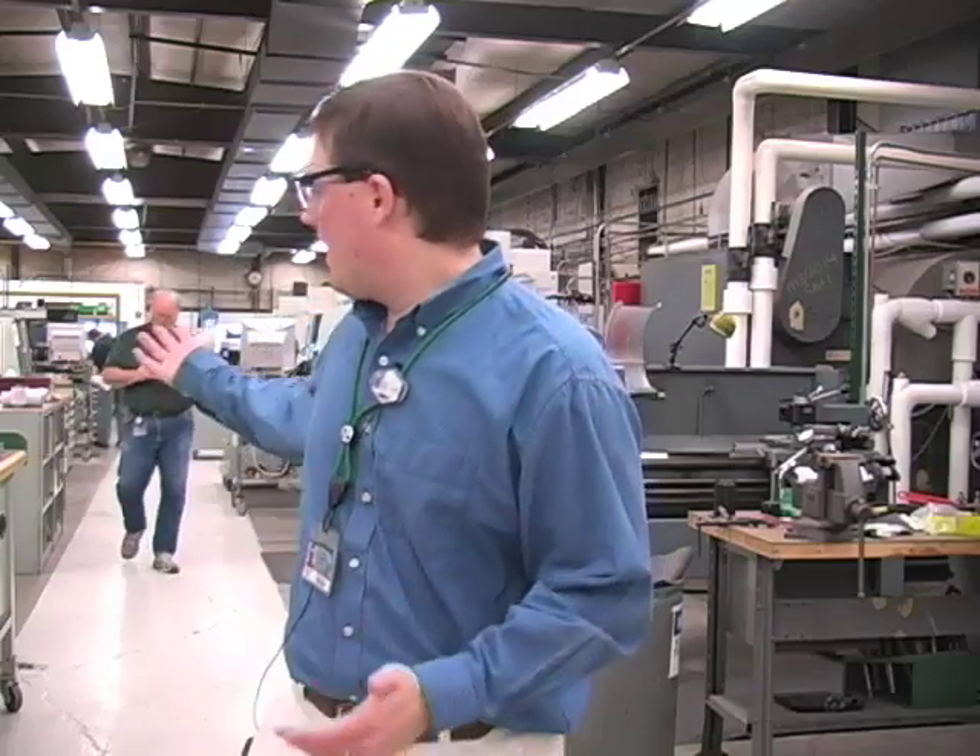Welcome to the machine shop here at NSCL. This is where we make most of our parts. The kind of things that we use here you do not buy at a hardware store, so we build most of our own equipment in-house, and it's right here.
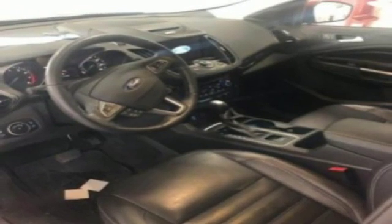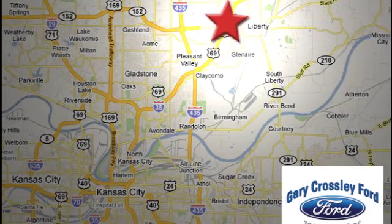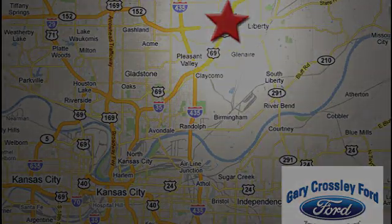Hurry in today and see it for yourself. Discover the Crossley difference today — 8050 North Church Road in Kansas City, in the Liberty area at I-35 and 152, just 10 minutes from downtown.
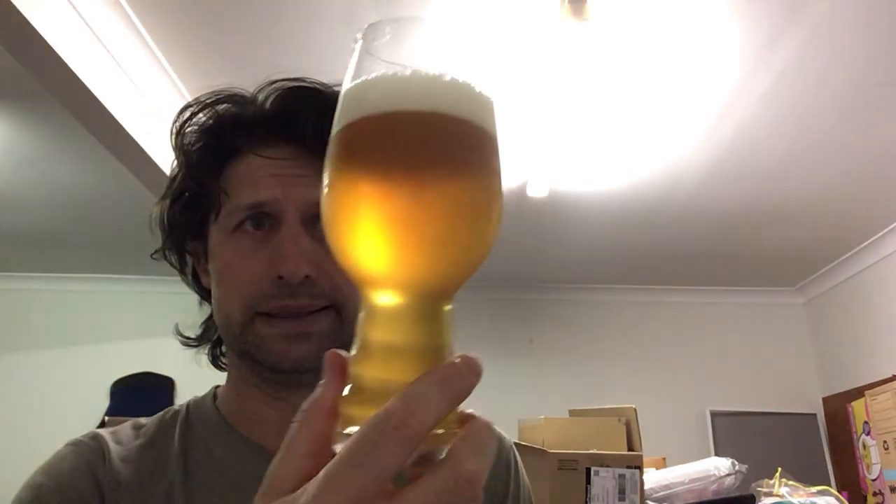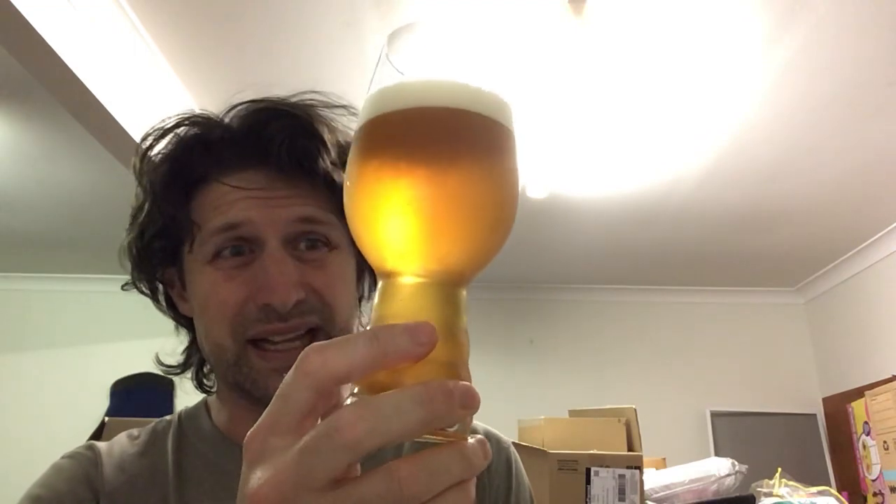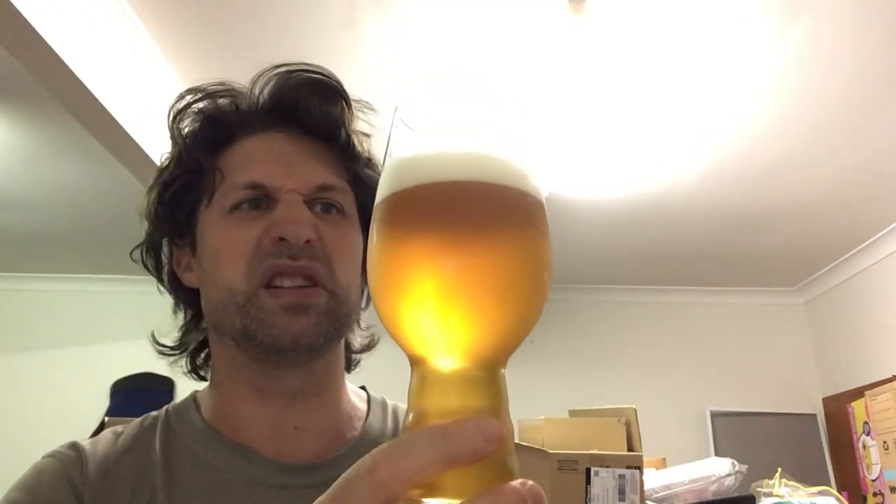It's been a while since I've had this one - I have had it before but it's probably been two years. Long time between drinks, as they say. Nice golden colour, there's a little bit of a haze to it, and a finger of off-white head. Now for the aroma.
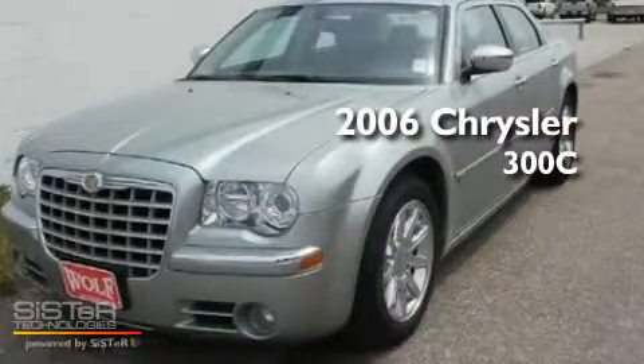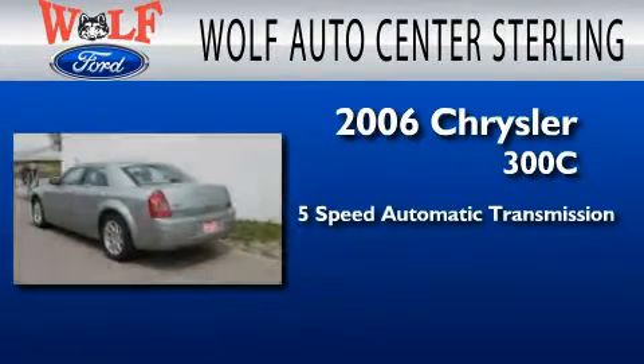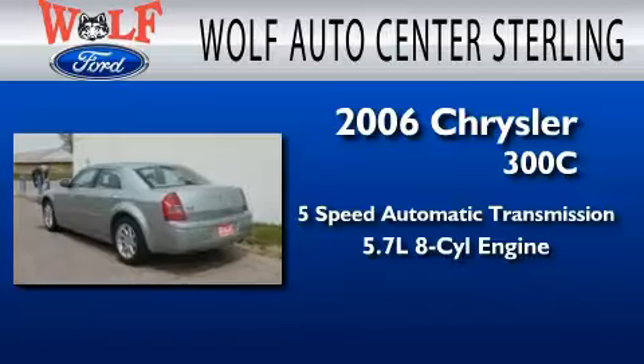This is a 2006 Chrysler 300C. This four-door sedan has a five-speed automatic transmission and a 5.7-liter V8.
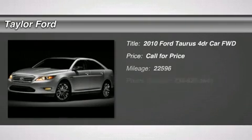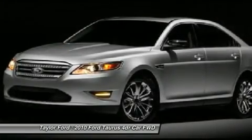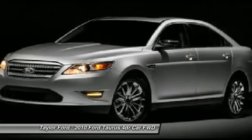The 2010 Ford Taurus. This is it. Crafted by an obsessive engineering and design team, the Taurus was created to compete with some of the world's best.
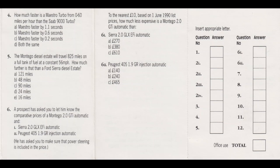And lastly in this section, question number 6: A prospect has asked you for comparative prices on the following three cars — a Montego 2.0L GTI automatic, a Sierra 2.0L GLX EFI automatic, and a Peugeot 405 1.9 GR Injection automatic, all three with power steering. Based on prices as at the 1st of June 1990 and to the nearest £10, how much less expensive is the Montego 2.0L GTI automatic? Choose only one cost savings box against the Sierra and one against the Peugeot.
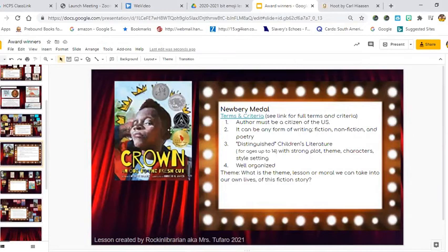So we just finished reading Crown: Ode to the Fresh Haircut. Here again are the criteria. It only won the runner-up in 2018, but it also won the runner-up for Caldecott best images and the Coretta Scott King, and then first place for the Ezra Jack Keats Award. The author Derek Barnes had to be an American citizen. The type of writing — if you haven't guessed yet — it's fiction, a fictional story, not nonfiction. Distinguished children's literature for ages up to 14, with a strong plot of this boy going into getting his hair cut and how excited he was in the barbershop. It has theme, characters, style, and setting, and the book was well organized.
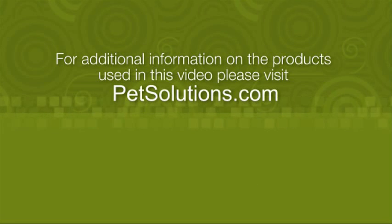For additional information on the products used in this video, please visit PetSolutions.com.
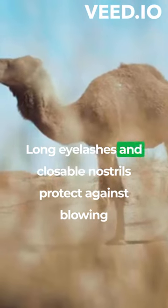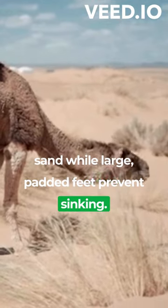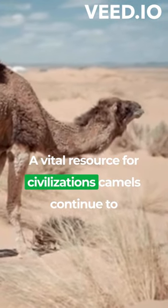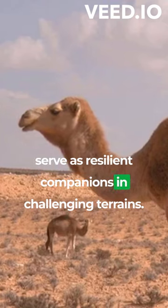Long eyelashes and closable nostrils protect against blowing sand, while large, padded feet prevent sinking. A vital resource for civilizations, camels continue to serve as resilient companions in challenging terrains.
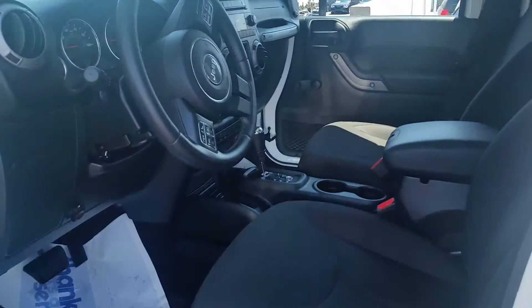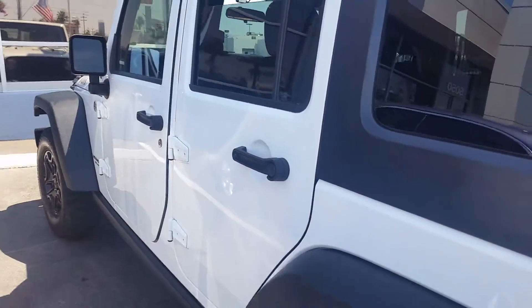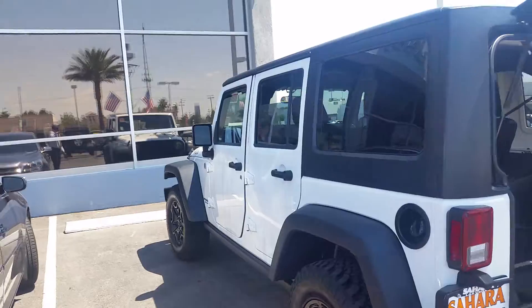And this is the interior of the vehicle, just like so. And this is the back of it.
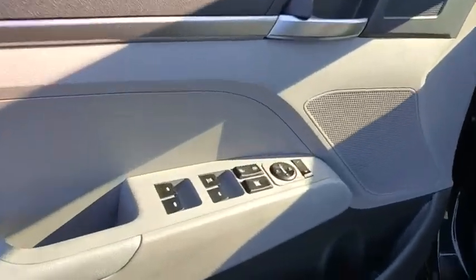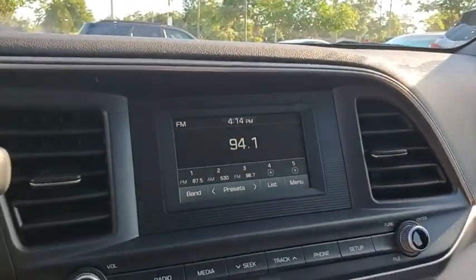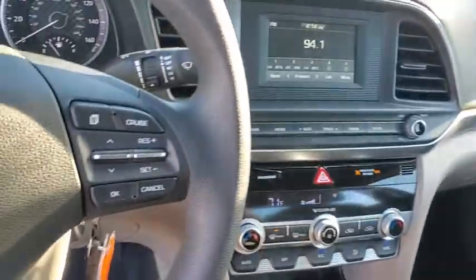Security system, panic alarm, tachometer, cargo net, carpeted floor mats, brake assist, remote keyless entry, overhead console, front bucket seats, front reading lamps, tilt steering wheel, driver vanity mirror.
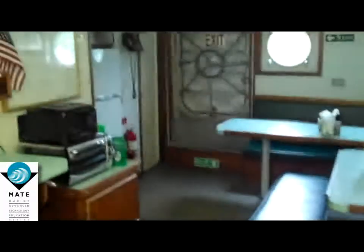Navigation station over here. This is where we eat, the mess lounge. We can seat about 10 to 12 people here. TV. This is the galley where all our food is prepared.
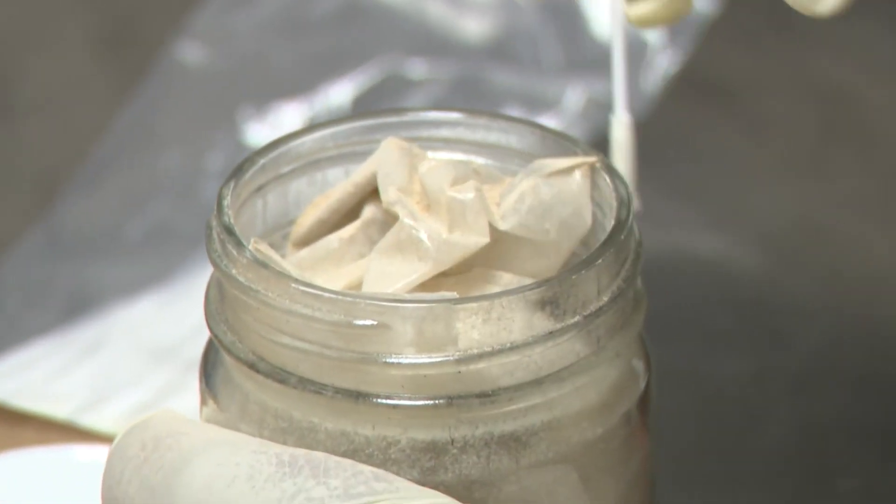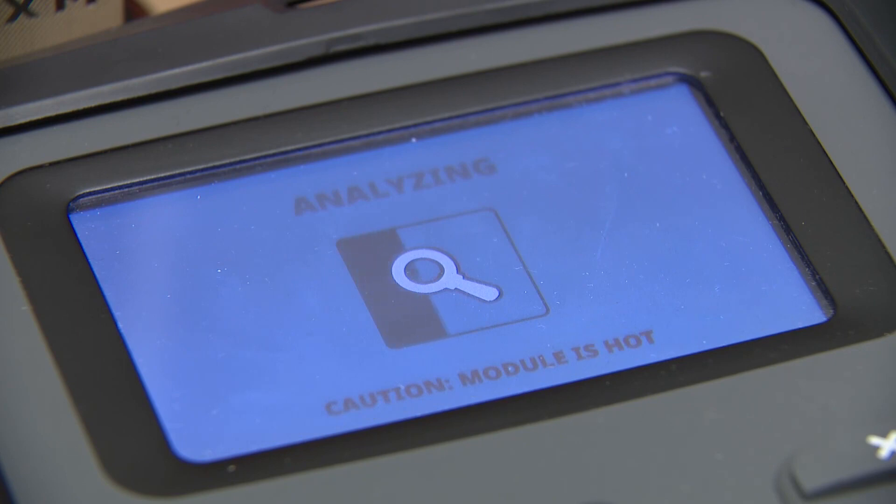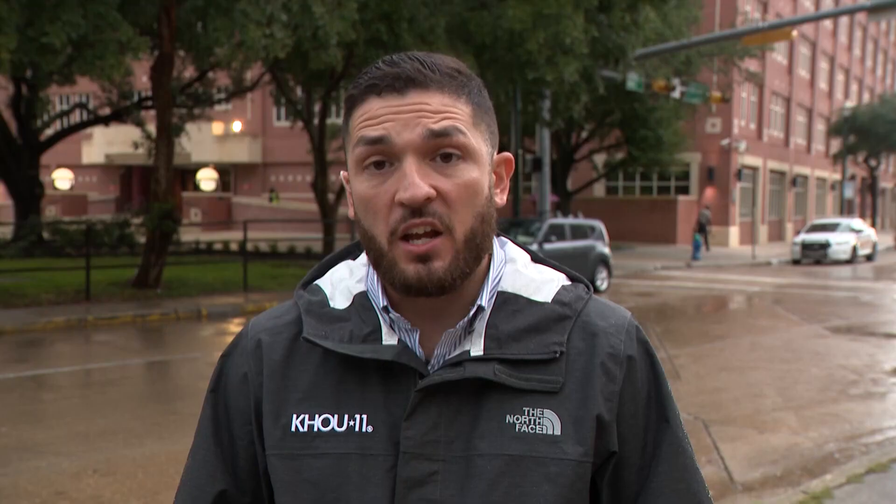Thanks to the device, the DEA has helped many local agencies in their drug investigations and they're one of the few agencies in town that have access to it. It cuts down on drug testing time from what can take two months to just 30 seconds. It's especially helpful as fentanyl has been quite an issue in this opioid epidemic.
────────────────────
■ Your assignment ■
Skip the pictures, please, and transcribe only the lines from the beginning of the material through the one that contains "And lastly in".

■ Expected answer ■
Welcome to the machine shop here at NSCL. This is where we make most of our parts. The kind of things that we use here you do not buy at a hardware store, so we build most of our own equipment in-house, and it's right here.
Hurry in today and see it for yourself. Discover the Crossley difference today — 8050 North Church Road in Kansas City, in the Liberty area at I-35 and 152, just 10 minutes from downtown.
It's been a while since I've had this one - I have had it before but it's probably been two years. Long time between drinks, as they say. Nice golden colour, there's a little bit of a haze to it, and a finger of off-white head. Now for the aroma.
This is a 2006 Chrysler 300C. This four-door sedan has a five-speed automatic transmission and a 5.7-liter V8.
The 2010 Ford Taurus. This is it. Crafted by an obsessive engineering and design team, the Taurus was created to compete with some of the world's best.
And lastly in this section, question number 6: A prospect has asked you for comparative prices on the following three cars — a Montego 2.0L GTI automatic, a Sierra 2.0L GLX EFI automatic, and a Peugeot 405 1.9 GR Injection automatic, all three with power steering. Based on prices as at the 1st of June 1990 and to the nearest £10, how much less expensive is the Montego 2.0L GTI automatic? Choose only one cost savings box against the Sierra and one against the Peugeot.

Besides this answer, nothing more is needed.